= DIRECTIONS =
Retype every line from the start of the entries below down to the line with "Maliben | Rotatable", both ends included; skip the pictures.

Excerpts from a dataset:

|---|

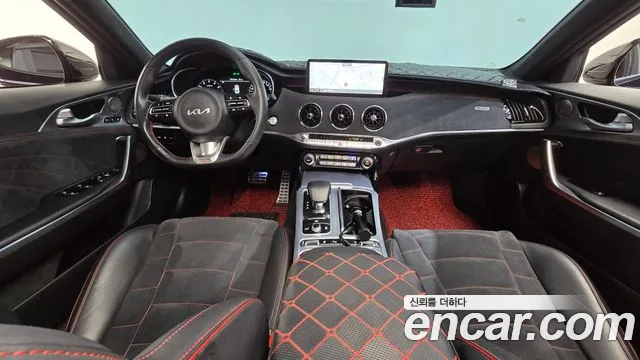 Kia Stinger — интерьер
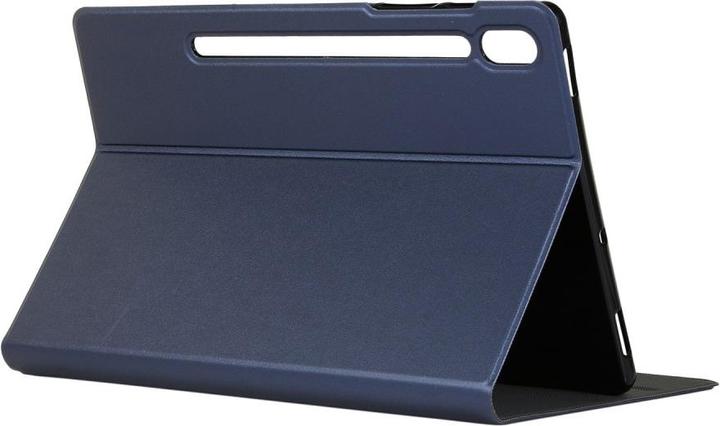 Productafbeelding Cover-Discount Galaxy Tab S8 Ultra - Drievoudige Smart Case donkerblauw (Galaxy Tab S8 Ultra)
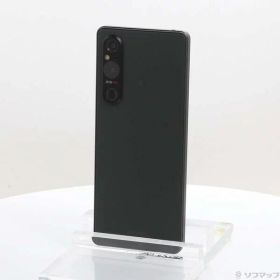 【中古】SONY(ソニー) Xperia 1 V 512GB カーキグリーン XQ-DQ44 SIMフリー 【258-ud】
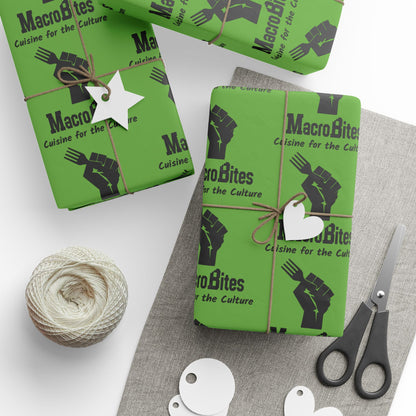 MacroBites Wrapping Paper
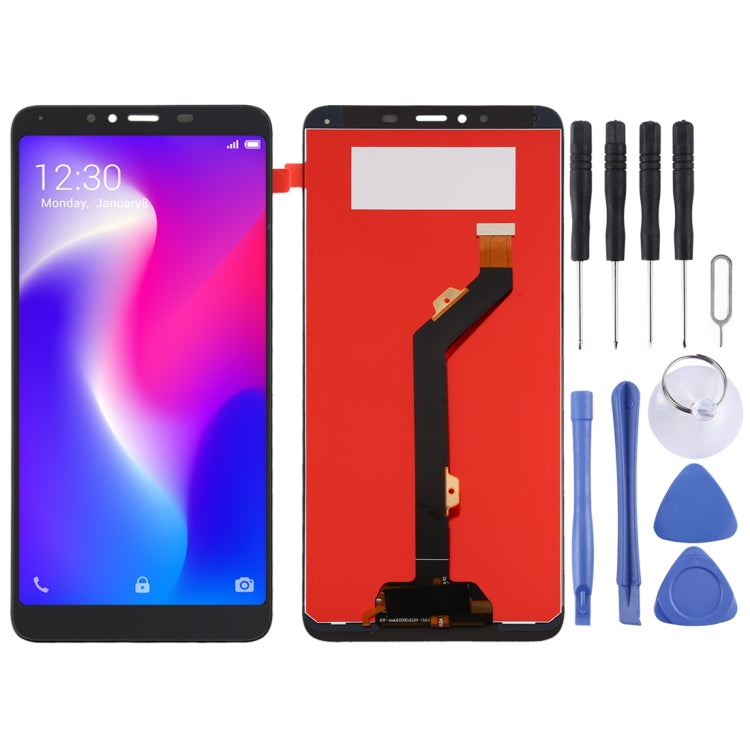 LCD Screen and Digitizer Full Assembly, For Itel A56 / A56 Pro, For Itel A36, For Itel P32, For Itel P33, For Itel S32 / S32 Lite, For Itel S33, For Itel A48, For Itel P36 / P36 Pro Lte, For Itel P37, For Itel S15 / S15 Pro, For Itel S16, For Itel S16 ... — For Itel P37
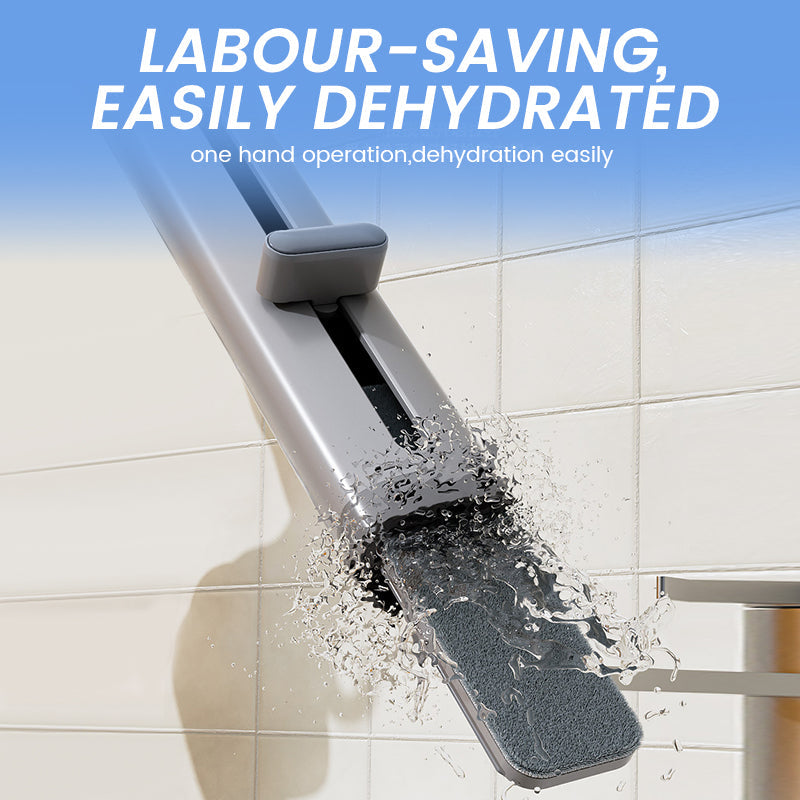 Maliben | Rotatable Self-Squeeze Mini Mop With Crevice Brush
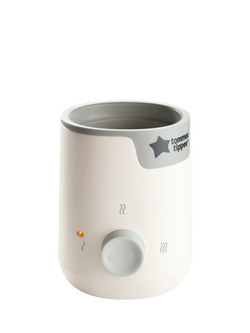 Tommee Tippee Easi-Warm Electric Bottle and Food Warmer, White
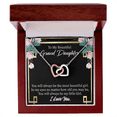 thumbnail image 4 of To Granddaughter  Always Little Girl Inseparable Necklace, 4 of 20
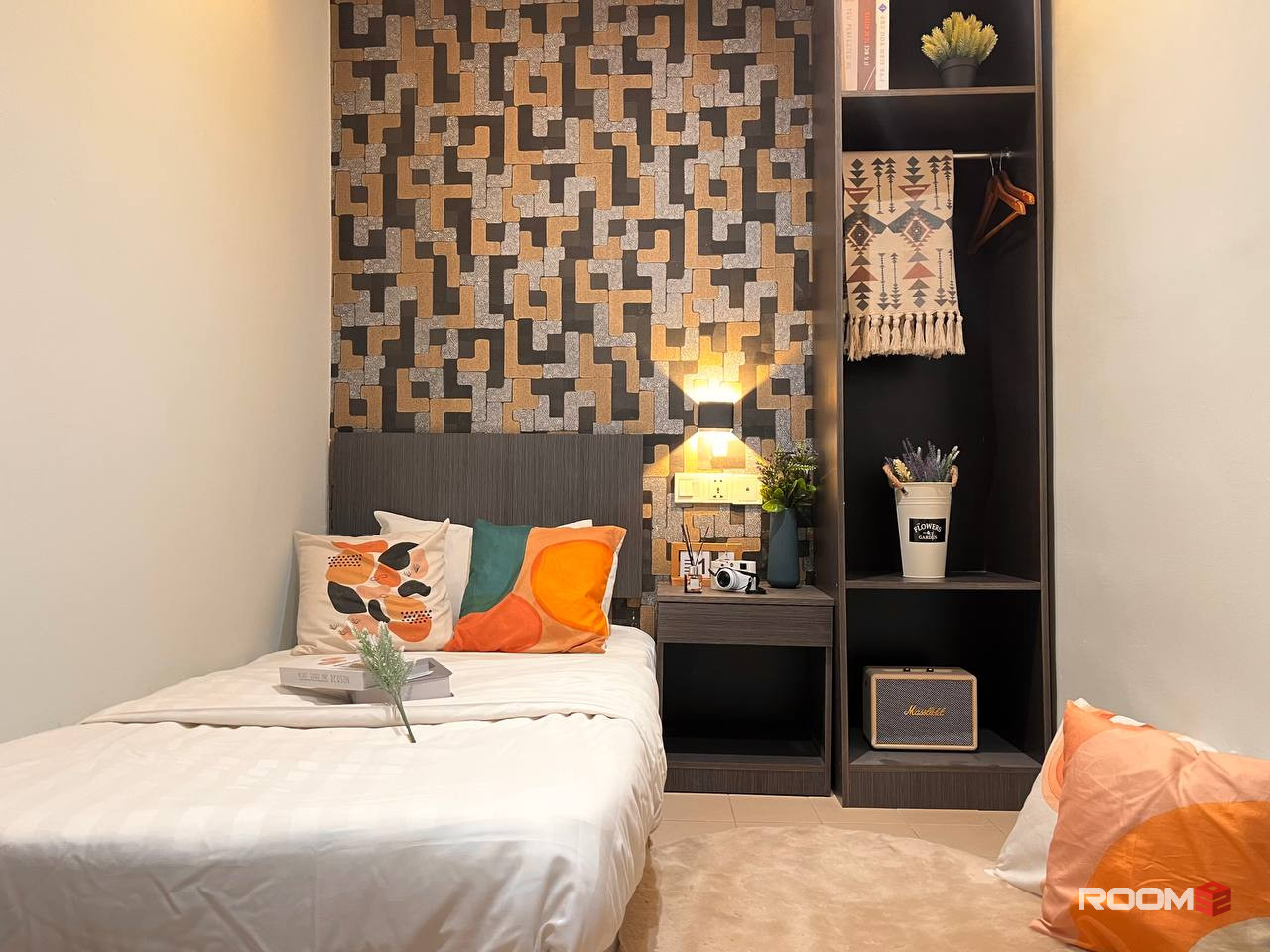 Rent Room with 🪑Fully Furnished at Sunway Area!! 🌠Come Middle room for rent at Bandar Sunway with private 🛁bathroom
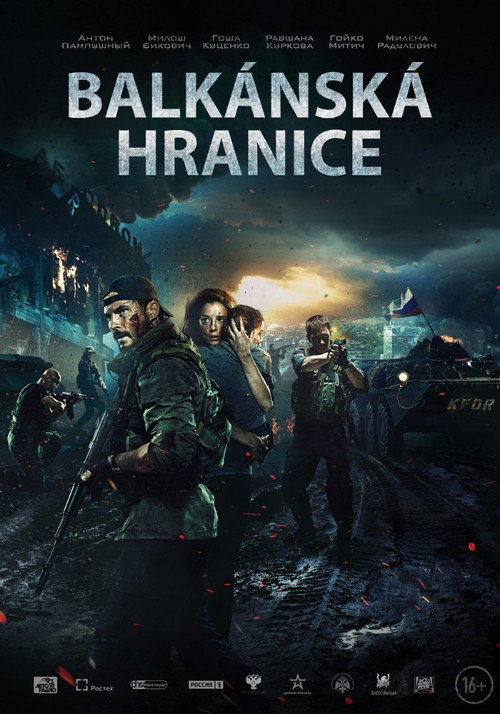 Balkánská hranice poster Balkánská hranice (2019) s českými titulky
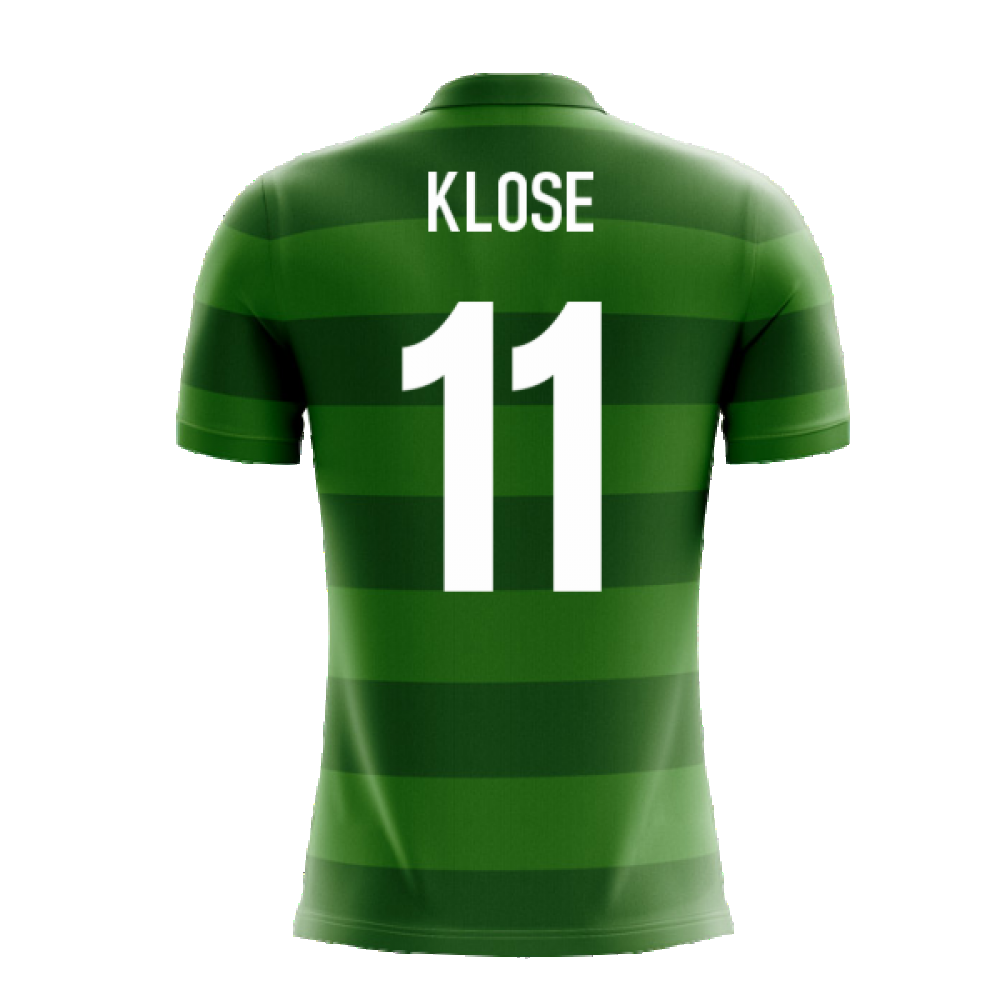 2024-2025 Germany Airo Concept Away Shirt (Klose 11)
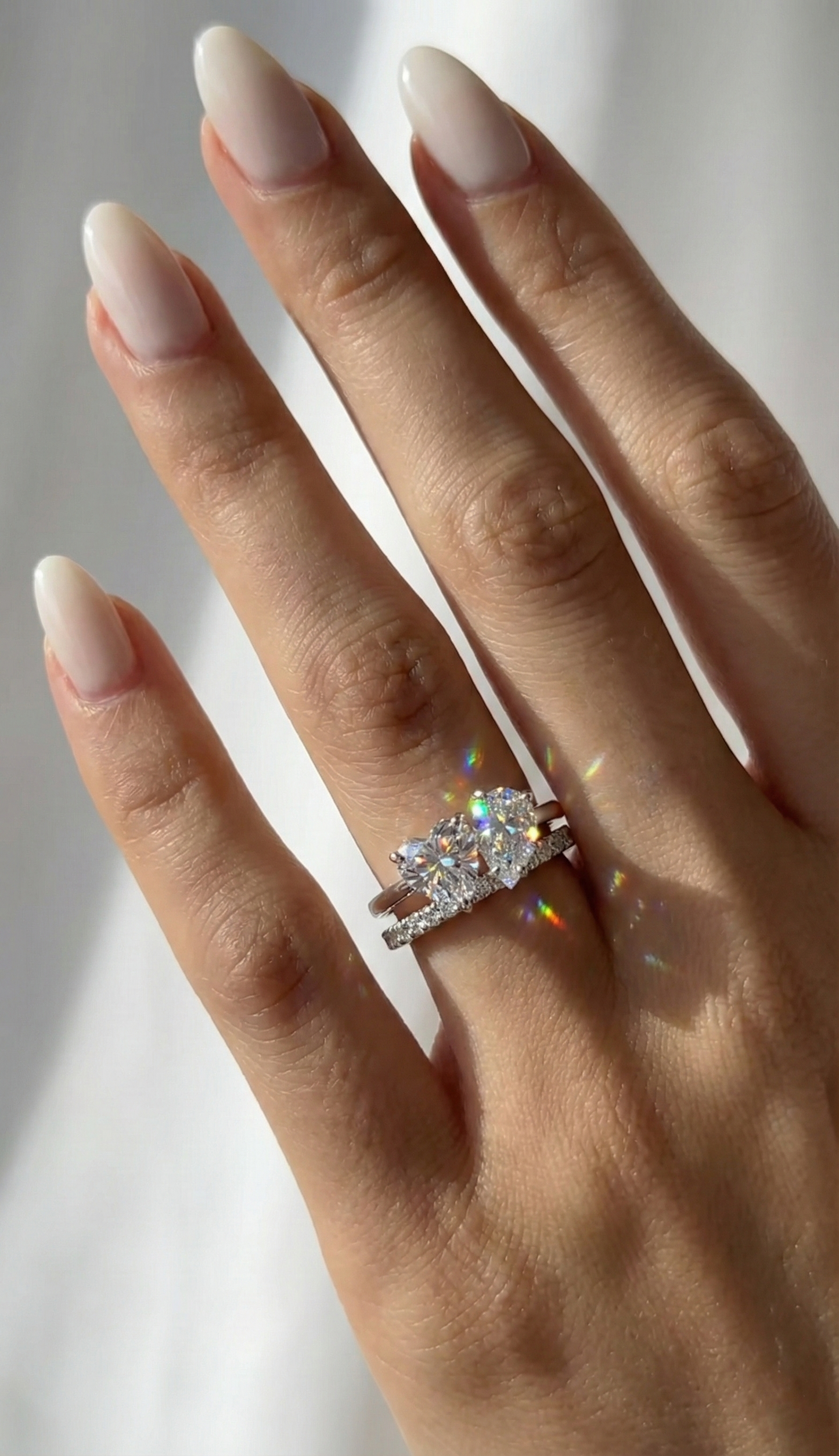 Heart Collision Ring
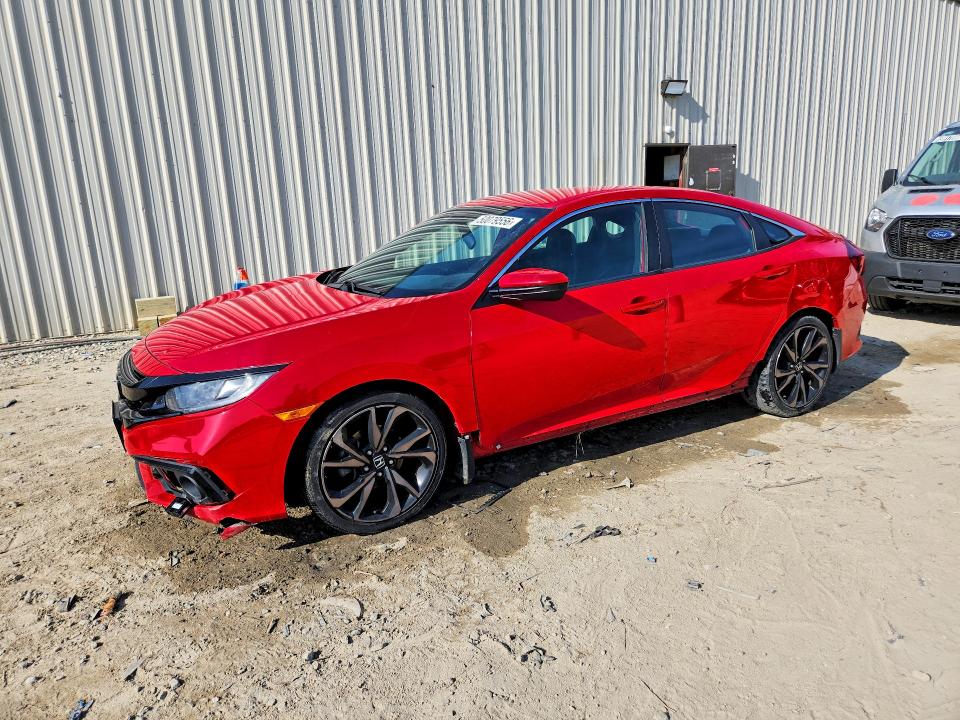 Продажа на аукционе авто 2020 Honda Civic, vin: 2HGFC2F82LH560033, номер лота: 50079556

|---|

= TASK OUTPUT =
 Kia Stinger — интерьер
 Productafbeelding Cover-Discount Galaxy Tab S8 Ultra - Drievoudige Smart Case donkerblauw (Galaxy Tab S8 Ultra)
 【中古】SONY(ソニー) Xperia 1 V 512GB カーキグリーン XQ-DQ44 SIMフリー 【258-ud】
 MacroBites Wrapping Paper
 LCD Screen and Digitizer Full Assembly, For Itel A56 / A56 Pro, For Itel A36, For Itel P32, For Itel P33, For Itel S32 / S32 Lite, For Itel S33, For Itel A48, For Itel P36 / P36 Pro Lte, For Itel P37, For Itel S15 / S15 Pro, For Itel S16, For Itel S16 ... — For Itel P37
 Maliben | Rotatable Self-Squeeze Mini Mop With Crevice Brush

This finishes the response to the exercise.